## Exercise aim
Leaving out only the pictures, write out all the entries exactly.
--- Given records ---
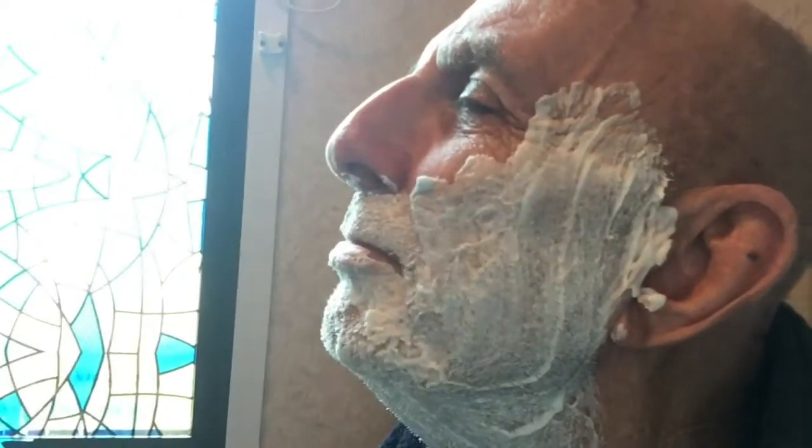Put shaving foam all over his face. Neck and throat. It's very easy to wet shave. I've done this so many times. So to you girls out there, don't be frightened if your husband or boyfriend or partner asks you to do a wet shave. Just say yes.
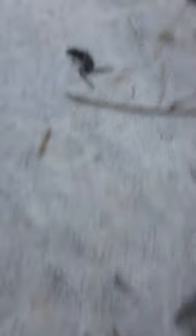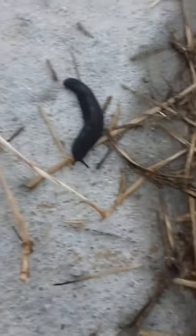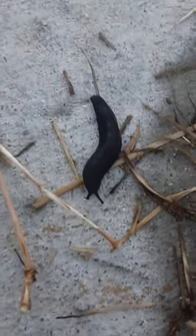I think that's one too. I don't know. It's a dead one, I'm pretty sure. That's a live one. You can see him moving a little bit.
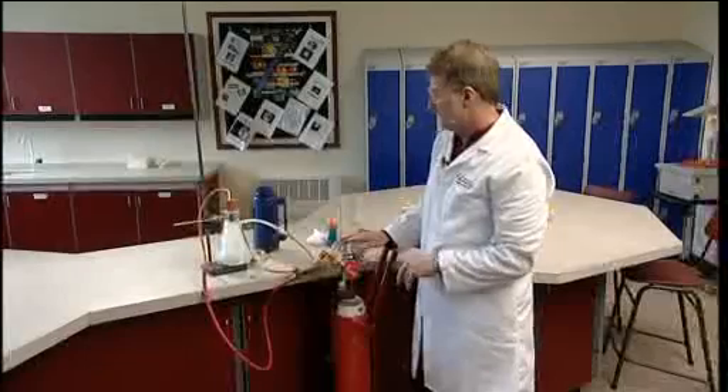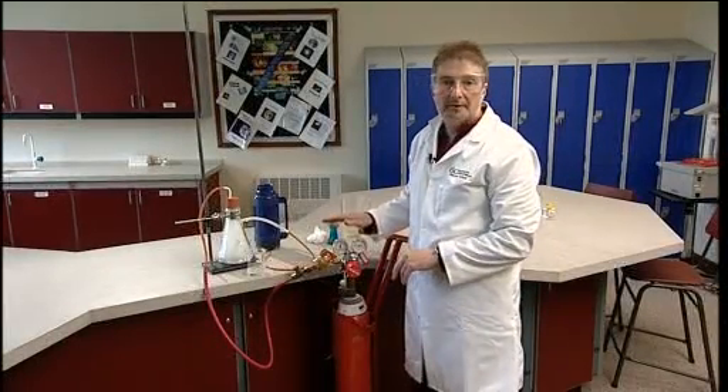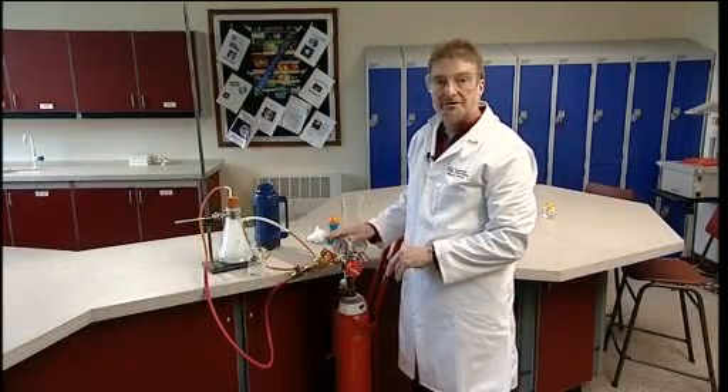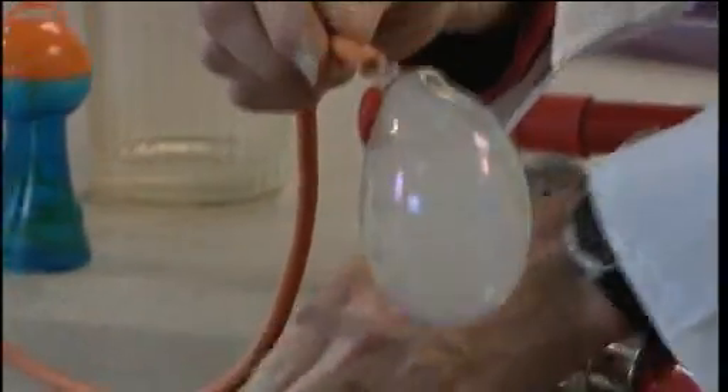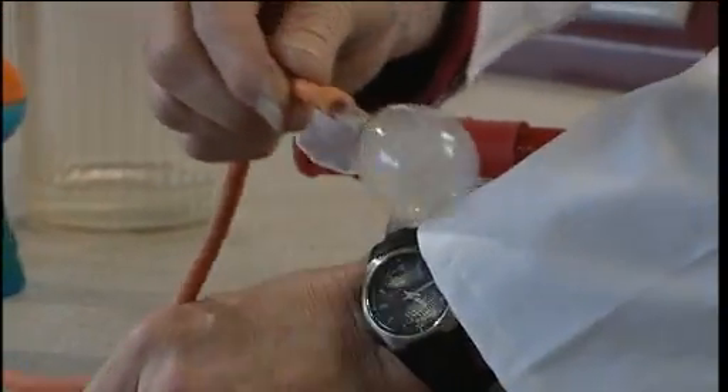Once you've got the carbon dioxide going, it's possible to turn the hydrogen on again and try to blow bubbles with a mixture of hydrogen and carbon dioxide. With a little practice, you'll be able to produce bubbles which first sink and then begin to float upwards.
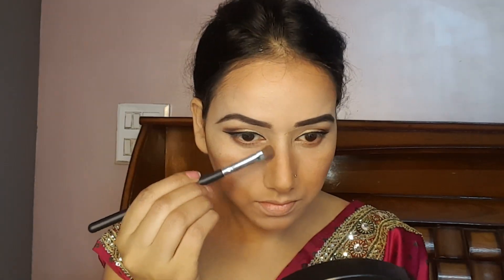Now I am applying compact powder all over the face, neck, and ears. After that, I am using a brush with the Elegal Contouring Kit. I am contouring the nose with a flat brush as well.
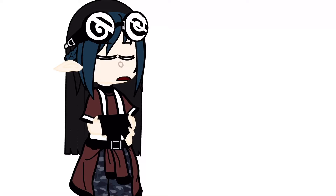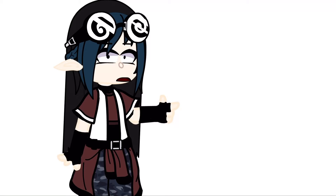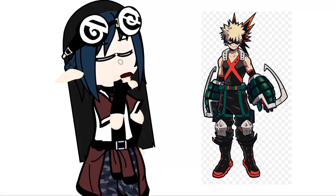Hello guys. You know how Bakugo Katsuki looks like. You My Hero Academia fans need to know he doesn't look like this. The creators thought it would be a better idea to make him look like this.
---
## Answer for the task
Put shaving foam all over his face. Neck and throat. It's very easy to wet shave. I've done this so many times. So to you girls out there, don't be frightened if your husband or boyfriend or partner asks you to do a wet shave. Just say yes.
I think that's one too. I don't know. It's a dead one, I'm pretty sure. That's a live one. You can see him moving a little bit.
Once you've got the carbon dioxide going, it's possible to turn the hydrogen on again and try to blow bubbles with a mixture of hydrogen and carbon dioxide. With a little practice, you'll be able to produce bubbles which first sink and then begin to float upwards.
Now I am applying compact powder all over the face, neck, and ears. After that, I am using a brush with the Elegal Contouring Kit. I am contouring the nose with a flat brush as well.
Hello guys. You know how Bakugo Katsuki looks like. You My Hero Academia fans need to know he doesn't look like this. The creators thought it would be a better idea to make him look like this.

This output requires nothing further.